Are You Compliant With Your I-9 Responsibilities?

January 26, 2016

Many employers are unaware of the accuracy required by the federal government in the completion of I-9 documents. Only when the government conducts an audit do these employers learn the extent of mistakes they have been making for years. Committing errors on documents may result in penalties of up to $1,100 for each I-9 form. Thus, a mistake on 100 forms could result in penalties exceeding $100,000. In addition, employing individuals who are ineligible to work because of expired documents or other reasons may result in penalties of $3,200 per worker.

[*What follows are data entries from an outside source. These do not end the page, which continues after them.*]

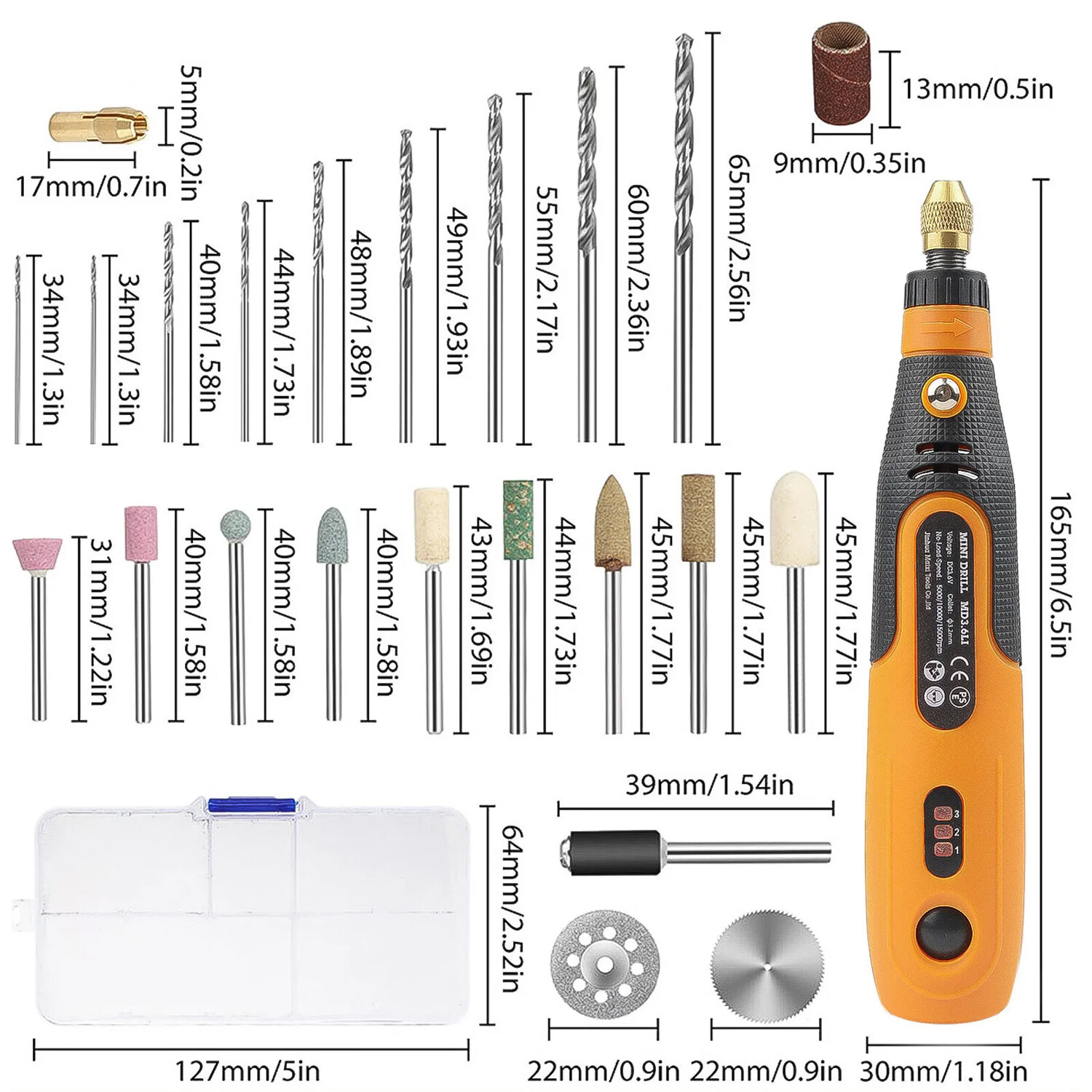 48PCS Abrasive Rotary Tool Accessories Grinding Sanding Cutting Polishing Set US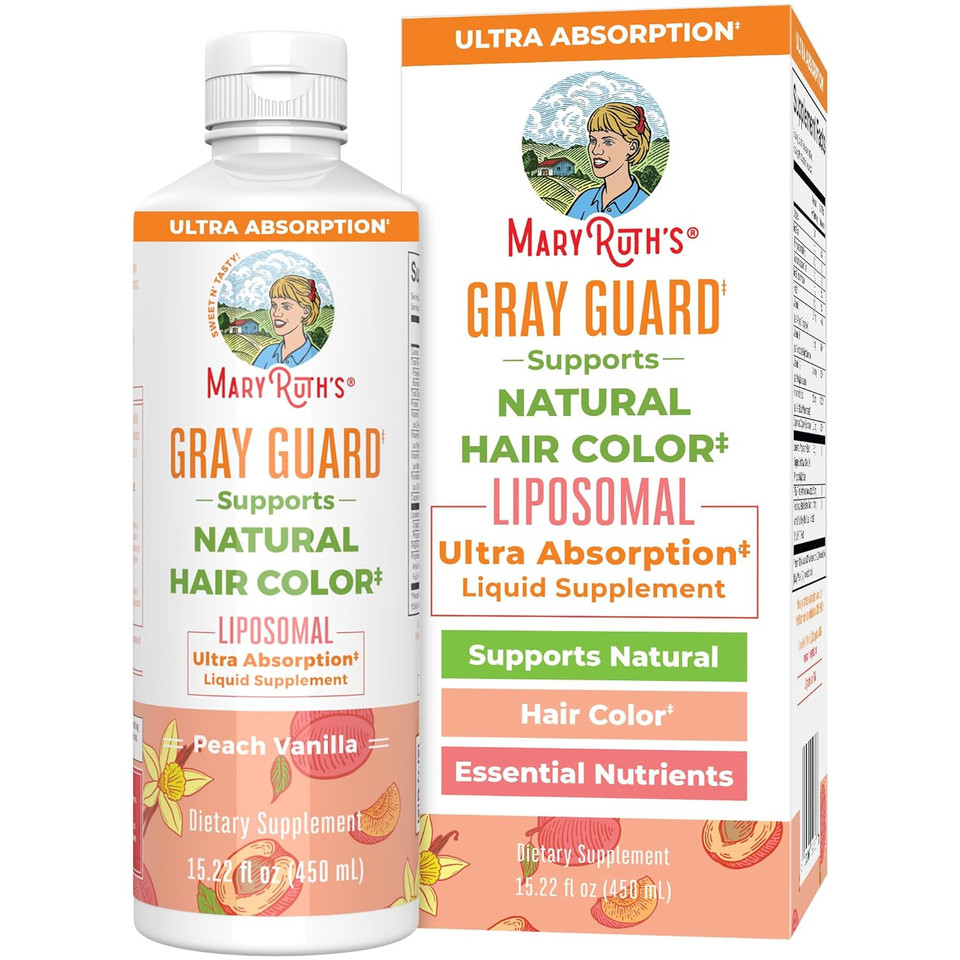 Maryruth Organics Gray Guard Liposomal, Supports Natural Hair Color, With Copper & Pantothenic Acid, Holy Basil & Traditional Herbs, Vitamin E & Vitamin B For Overall Health, Ages 18+, 15.22 Fl Oz
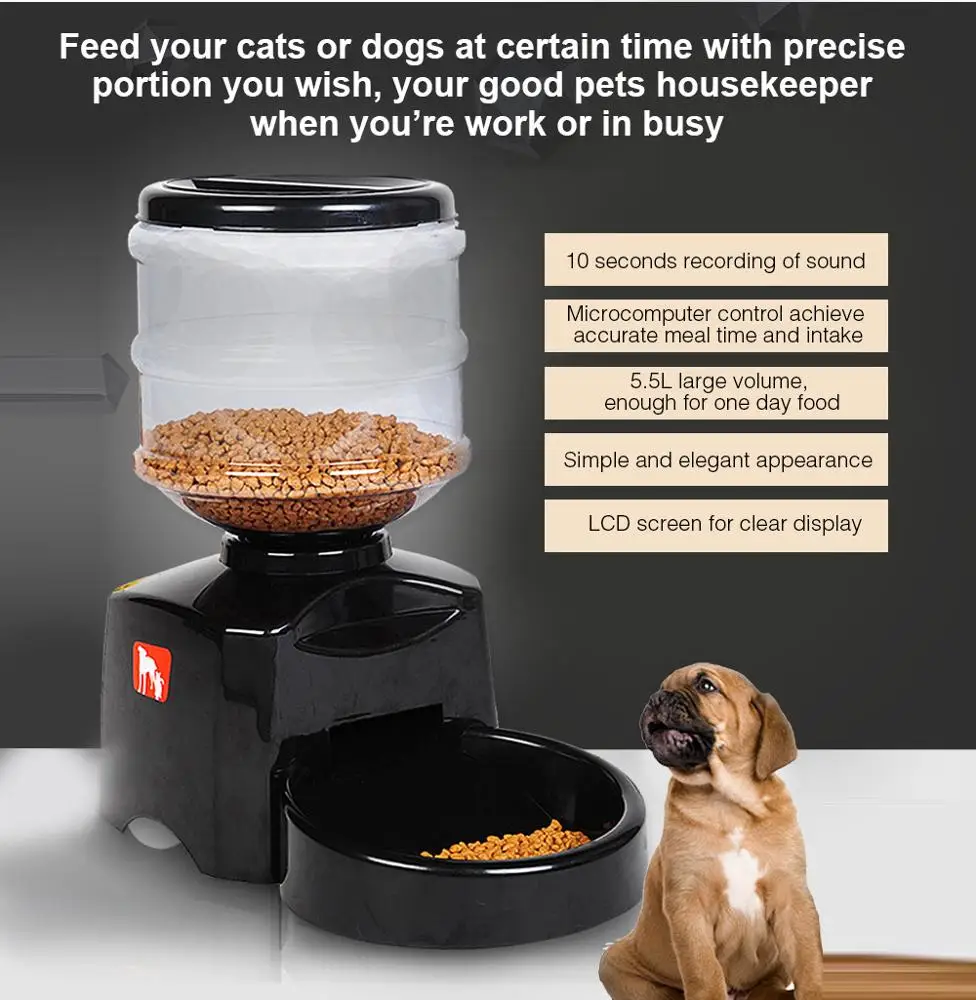 5.5l Automatic Pet Feeder With Voice Message Recording And Lcd Screen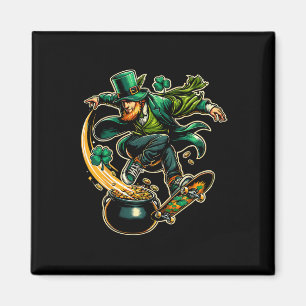 Imã Dia de São Patrício De Patins De Skate Leprechaun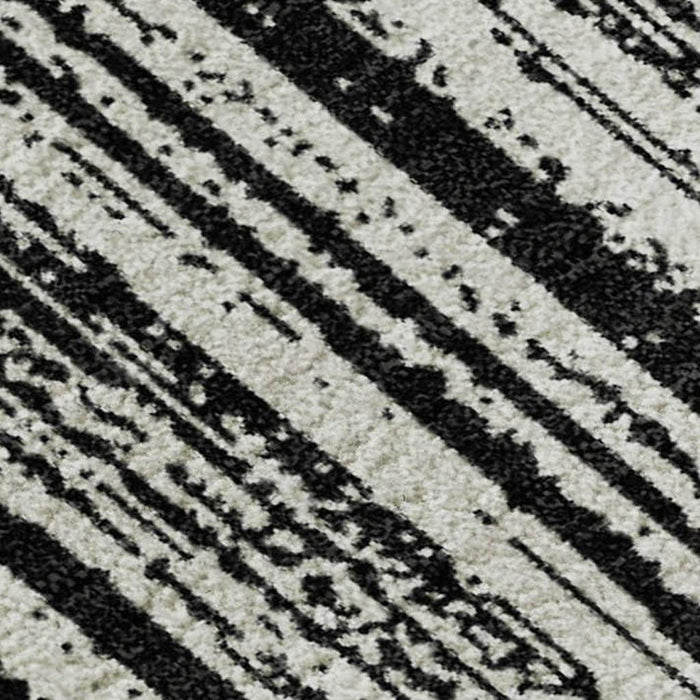 8' X 10' Striped Washable Area Rug With UV Protection - Black And Ivory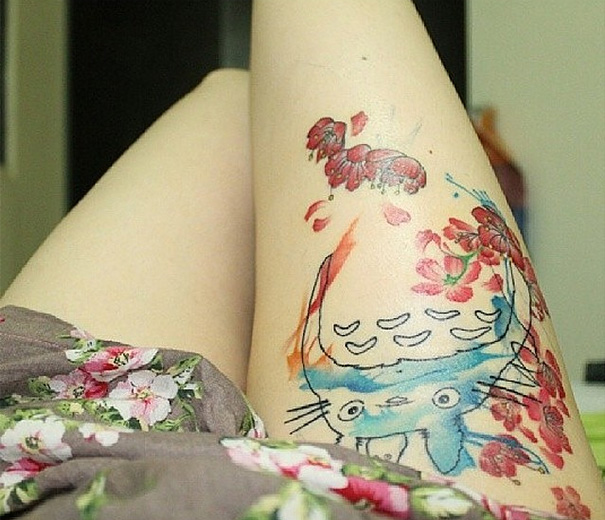 Watercolor Style Totoro Tattoo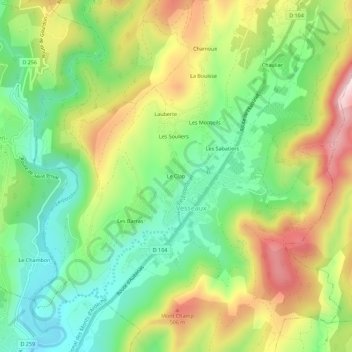 Mappa topografica Le Clap, altitudine, rilievo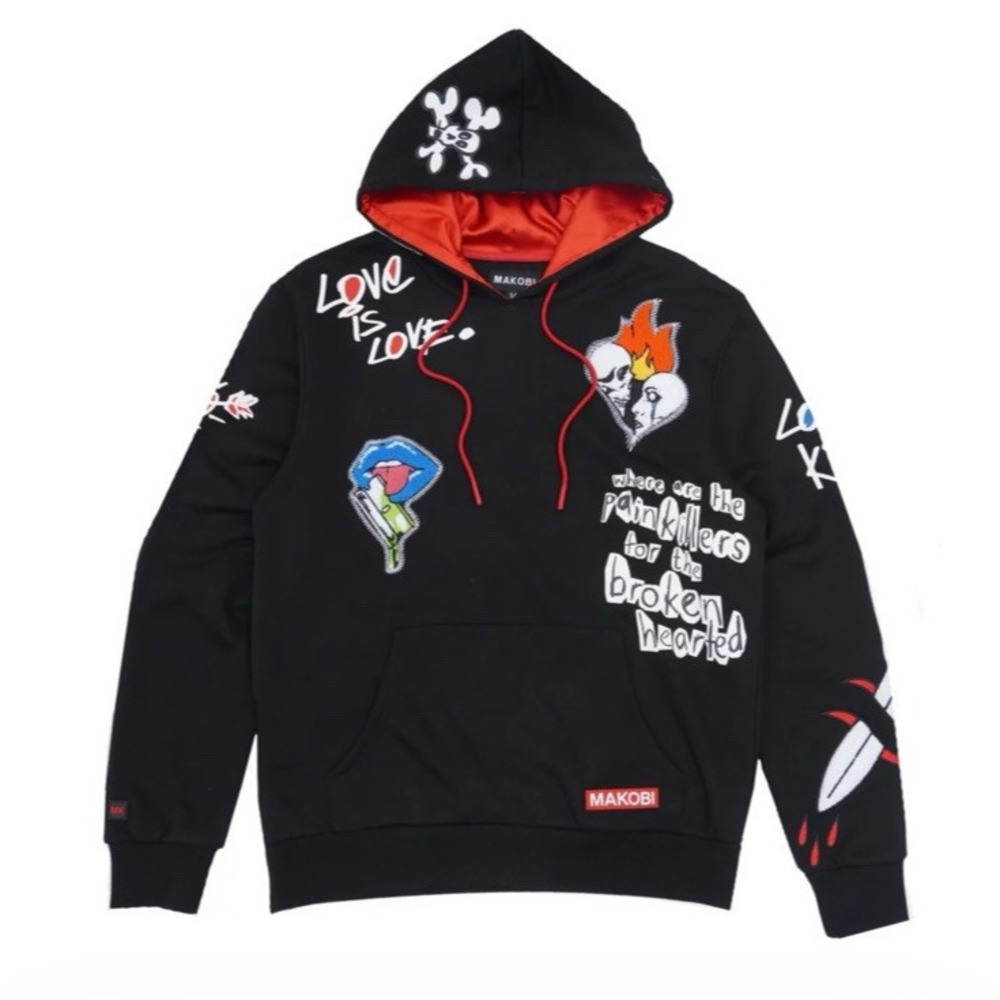 Makobi MK Hoodie Love Kills Black Urban Streetwear‎  2XL
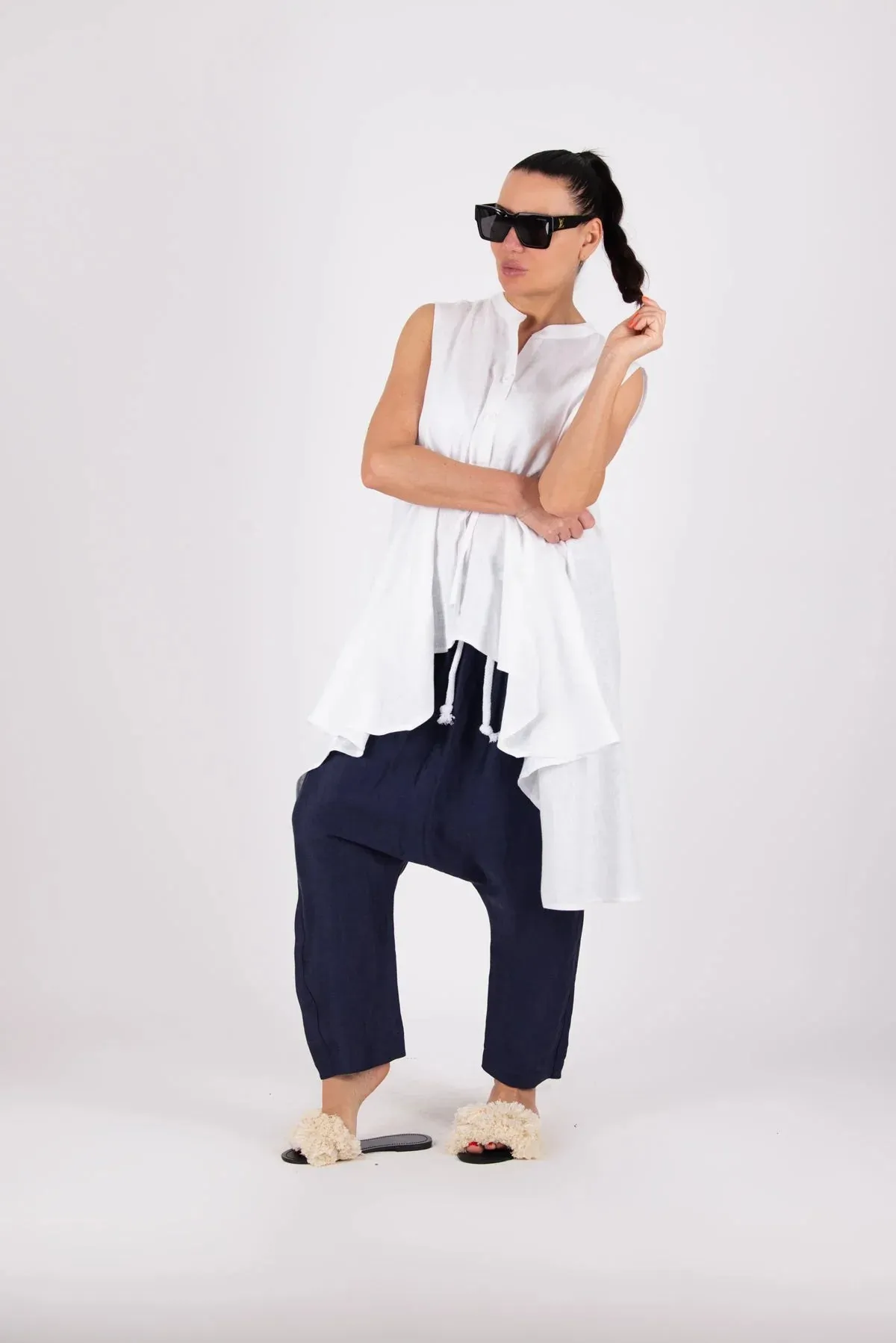 DANIELA Asymmetric Linen Top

The types of mistakes that can result in fines are often clerical errors. Here are some of the most common mistakes that could result in penalties:

  • Incorrect or Missing Forms. Placing incorrect dates on the I-9 form, failure to get signatures (including the employer’s signature), transposed information and incomplete checked boxes are common errors.
  • The Three-Day Rule. ICE rules stipulate that I-9 forms must be completed within three business days of the first day of work.
  • Failure to Re-Verify. For employees of certain citizenship status, employers will need to track and update the employee’s supporting I-9 documentation. It is the employer’s responsibility to monitor the date of work eligibility and request new documentation prior to expiration of the documents.
  • Invalid Identifying Documents. The employer must check all documents to be sure they are actually presented and valid. If an employer fails to obtain the right     combination of identifying documents from list A, or lists B and C, then the I-9 documentation will be considered incomplete and the employer becomes subject to fines. Obtaining too many documents may also be a violation.
  • Not Making Legible Copies. Documents must be readable in order to verify the information.
  • Not Properly Making Corrections to Documents. Corrections should be made on the original I-9 form and be dated and initialed. If a new I-9 form is used to correct   errors, the employer should not destroy original documents.

It is a good practice for employers to periodically audit their I-9 records for compliance. The government is more likely to find violations if the employer makes corrections after a notice of inspection is served. Undertaking audits and correcting errors before a government notice demonstrates the desire to be in compliance with I-9 rules.